Words of Caution on the CMS Meaningful Use Standards

An Interview with Thomas Williams, MD, and Alexis Carter, MD

Thomas WilliamsAlexis CarterElectronic health records (EHRs) parovide many benefits for providers and their patients, but the benefits depend on how well EHRs are implemented and used. The Center for Medicare and Medicaid Services (CMS) has defined a set of standards, commonly known as "meaningful use," that allow eligible providers and hospitals to earn incentive payments if their EHRs meet specific criteria. While the goal of meaningful use is to promote the spread of EHRs and to improve healthcare in the U.S., changes in EHRs are occurring so rapidly that laboratories may not even be aware of potential patient safety dangers.

In this interview, Thomas Williams, MD, and Alexis Carter, MD, provide their perspectives on meaningful use and offer suggestions to manage requests for laboratory data outside of official laboratory reports. Williams is medical director of pathology at Methodist Hospital in Omaha, Neb., while Carter is director of pathology informatics in the department of pathology and laboratory medicine at Emory University School of Medicine in Atlanta. Both pathologists, they served as members of a team organized by the Office of the National Coordinator for Health Information Technology, the U.S. government office responsible for establishing guidelines for meaningful use.

Corinne R. Fantz, PhD, DABCC, FACB conducted this interview.

Can you explain the difference between "official" and "unofficial" laboratory reports?
Williams: CLIA Interpretive Guidelines define fulfillment of the laboratory's official reporting responsibility as an event marked by delivery of the result to the authorized person (1). Additionally, CLIA requires that official laboratory reports contain certain elements such as reference ranges and units of measure. However, the CLIA regulations were created in the era of paper charts. With the advent of EHRs, less conservative CLIA interpretations have emerged, limiting the official laboratory report to a particular view or views in the EHR. EHR vendors have come under pressure to create alternate, abridged views displaying large amounts of patient data on relatively small screens. These views may constitute an unofficial report. Although the primary aim is to promote rapid and accurate patient assessments, ironically, poorly designed displays may jeopardize patient safety.

What are the most common reasons a physician would want to view laboratory results or abstract laboratory data outside of the official lab report?
Carter: Speed, efficiency, and increased ability to comply with disease-specific clinical quality measurements (CQM), such as for diabetes and hypertension, are commonly cited reasons. Clinicians will note that they do this now by writing or typing abbreviated laboratory data into the patient's medical record or using a disease-specific form to record data in a way that helps them quickly analyze it for more efficient patient care. We are fairly early in the use of these abstract views of laboratory data, so their effectiveness to accomplish the above goals has yet to be proven. We need studies on the potential risks associated with abbreviated laboratory data to understand the degree to which unexpected laboratory results might be missed because they are not part of the display.
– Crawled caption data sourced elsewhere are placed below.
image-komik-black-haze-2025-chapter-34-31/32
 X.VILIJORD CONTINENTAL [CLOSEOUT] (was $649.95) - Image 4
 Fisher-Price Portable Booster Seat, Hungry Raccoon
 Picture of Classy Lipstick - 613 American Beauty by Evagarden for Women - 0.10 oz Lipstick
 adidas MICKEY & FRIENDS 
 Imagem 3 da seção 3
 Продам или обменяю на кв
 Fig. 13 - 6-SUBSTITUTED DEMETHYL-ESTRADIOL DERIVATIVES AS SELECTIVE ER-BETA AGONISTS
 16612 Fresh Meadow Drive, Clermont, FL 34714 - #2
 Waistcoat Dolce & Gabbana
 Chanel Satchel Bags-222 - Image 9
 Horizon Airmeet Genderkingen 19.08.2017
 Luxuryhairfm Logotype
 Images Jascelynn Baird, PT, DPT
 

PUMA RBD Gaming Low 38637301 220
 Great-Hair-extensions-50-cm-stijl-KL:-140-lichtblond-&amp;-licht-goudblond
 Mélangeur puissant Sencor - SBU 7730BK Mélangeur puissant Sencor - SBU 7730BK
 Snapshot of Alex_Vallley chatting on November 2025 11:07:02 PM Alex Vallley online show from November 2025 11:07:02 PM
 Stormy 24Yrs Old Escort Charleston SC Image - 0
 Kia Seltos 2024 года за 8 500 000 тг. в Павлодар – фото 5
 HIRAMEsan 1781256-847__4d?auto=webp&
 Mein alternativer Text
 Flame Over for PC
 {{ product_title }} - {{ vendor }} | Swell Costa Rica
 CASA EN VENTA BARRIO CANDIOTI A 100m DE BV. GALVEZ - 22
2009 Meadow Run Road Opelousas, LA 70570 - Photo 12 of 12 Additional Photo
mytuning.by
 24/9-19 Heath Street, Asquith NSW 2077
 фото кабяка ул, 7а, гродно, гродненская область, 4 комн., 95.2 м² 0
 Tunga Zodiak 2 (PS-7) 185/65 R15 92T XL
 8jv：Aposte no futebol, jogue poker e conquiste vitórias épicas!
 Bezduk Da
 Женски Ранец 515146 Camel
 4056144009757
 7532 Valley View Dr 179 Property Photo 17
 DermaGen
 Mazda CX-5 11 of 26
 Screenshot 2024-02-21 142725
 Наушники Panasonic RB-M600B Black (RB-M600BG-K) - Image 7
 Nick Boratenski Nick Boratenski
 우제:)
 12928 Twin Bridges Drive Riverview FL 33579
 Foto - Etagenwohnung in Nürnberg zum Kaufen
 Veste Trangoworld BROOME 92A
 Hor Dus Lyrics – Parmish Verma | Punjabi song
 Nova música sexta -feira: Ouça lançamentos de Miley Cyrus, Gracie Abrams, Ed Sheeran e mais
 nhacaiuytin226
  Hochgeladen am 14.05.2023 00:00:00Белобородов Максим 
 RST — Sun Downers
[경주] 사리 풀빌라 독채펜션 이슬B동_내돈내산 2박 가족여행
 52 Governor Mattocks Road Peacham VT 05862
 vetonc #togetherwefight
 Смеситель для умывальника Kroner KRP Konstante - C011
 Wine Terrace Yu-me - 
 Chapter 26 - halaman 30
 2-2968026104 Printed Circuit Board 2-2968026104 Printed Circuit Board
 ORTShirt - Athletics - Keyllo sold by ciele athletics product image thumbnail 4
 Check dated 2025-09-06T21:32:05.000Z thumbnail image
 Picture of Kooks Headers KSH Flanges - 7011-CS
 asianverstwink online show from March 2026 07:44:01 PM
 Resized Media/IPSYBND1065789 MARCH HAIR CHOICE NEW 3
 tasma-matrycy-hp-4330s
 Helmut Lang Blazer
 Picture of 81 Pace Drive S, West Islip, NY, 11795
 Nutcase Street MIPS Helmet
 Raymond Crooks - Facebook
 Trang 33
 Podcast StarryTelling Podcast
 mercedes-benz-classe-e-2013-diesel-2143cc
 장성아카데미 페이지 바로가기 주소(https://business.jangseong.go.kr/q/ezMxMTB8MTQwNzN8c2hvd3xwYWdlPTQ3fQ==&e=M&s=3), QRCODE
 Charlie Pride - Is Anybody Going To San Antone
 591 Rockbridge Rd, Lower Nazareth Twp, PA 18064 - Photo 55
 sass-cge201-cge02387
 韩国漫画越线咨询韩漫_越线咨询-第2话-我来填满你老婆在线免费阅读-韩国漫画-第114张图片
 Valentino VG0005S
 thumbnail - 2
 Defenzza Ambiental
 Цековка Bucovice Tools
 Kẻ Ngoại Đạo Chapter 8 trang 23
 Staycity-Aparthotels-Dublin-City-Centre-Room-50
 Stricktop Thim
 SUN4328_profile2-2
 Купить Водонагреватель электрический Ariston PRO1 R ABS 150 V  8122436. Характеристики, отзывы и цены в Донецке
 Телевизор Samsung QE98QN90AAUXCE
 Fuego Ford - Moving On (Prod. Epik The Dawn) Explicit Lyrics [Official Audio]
How has meaningful use changed the way physicians interact with the EHR?
Carter: Meaningful use is the common term for a set of standards and CQM that emerged from the American Recovery and Reinvestment Act (ARRA), more specifically from the Health Information Technology for Economic and Clinical Health (HITECH) Act that is embedded within ARRA. Meaningful use standards and HITECH have the goal of modernizing the American health information technology (IT) infrastructure in a useful and meaningful manner. EHRs were chosen as the primary vehicle by which these goals would be achieved (2). There are substantial monetary rewards for timely adoption, defined as meeting specified functionality or criteria. In addition, those who cannot meet the minimum requirements will be penalized by reduced reimbursement from Medicare. To prove compliance with meaningful use, covered entities and eligible providers must demonstrate use of a certified EHR in a meaningful manner by attesting to fulfillment of certain criteria: by electronically exchanging health information to improve quality of healthcare; and by submitting clinical quality and other data from the EHR to the federal government.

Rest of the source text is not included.